Как можно заметить, все эти пункты имели самое прямое отношение к Сократу! А поскольку господствующим в этот момент времени в Афинах становится (отраженное в работах Платона, Ксенофонта и Аристофана) убеждение, что все случившиеся проблемы Афин были связаны с тем, что боги отвернулись от афинян, само их отвращение от Афин связано с тем, что многие граждане вели себя по отношению к богам неуважительно, а это неуважительное отношение являлось производным от вредной деятельности различных учителей мудрости (сбивающих молодежь с пути истинного) и классовых врагов (типа богатых и аристократичных юнцов Алкивиада, пародирующих религиозные Эвевскинские мистерии и разбивающие статуи бога Гермеса), иметь иллюзии, что ревнительский пыл охлоса и в этот раз обойдет Сократа стороной, уже не приходилось.

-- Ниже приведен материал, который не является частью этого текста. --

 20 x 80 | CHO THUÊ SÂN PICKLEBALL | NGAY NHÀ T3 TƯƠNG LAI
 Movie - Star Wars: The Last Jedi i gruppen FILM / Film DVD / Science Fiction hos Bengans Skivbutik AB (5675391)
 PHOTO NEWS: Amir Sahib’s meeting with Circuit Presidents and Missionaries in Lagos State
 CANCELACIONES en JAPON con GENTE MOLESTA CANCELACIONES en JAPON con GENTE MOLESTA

Читая же Платона и Ксенофонта, становится очевидно: Несмотря на те охлократические преобразования и гонения, что имели место в период с 403 по 399 год до н.э., обычная деятельность Сократа не претерпела совершенно никаких изменений. Сократ по-прежнему ежедневно приходил в центр города, завязывал безобидные с виду разговоры с прохожими, а затем постепенно подводил их к мысли, что неправильно назначать рулевого жребием бобами, что править должны люди добродетельные и специальным образом обученные, что жизнь должна быть построена только на добродетели и разуме… В общем, вел себя так, как это оценивали и Горгий, и «тридцати тиранов»: Говорил одно и то же об одном и том же, уже зная правильные ответы, но собеседникам своим в этом не признавался. Не признавался не только потому, что боялся этих правильных ответов, а потому, что своей маевтикой заставлял людей пробуждать собственное сознание и становиться похожими на самого Сократа.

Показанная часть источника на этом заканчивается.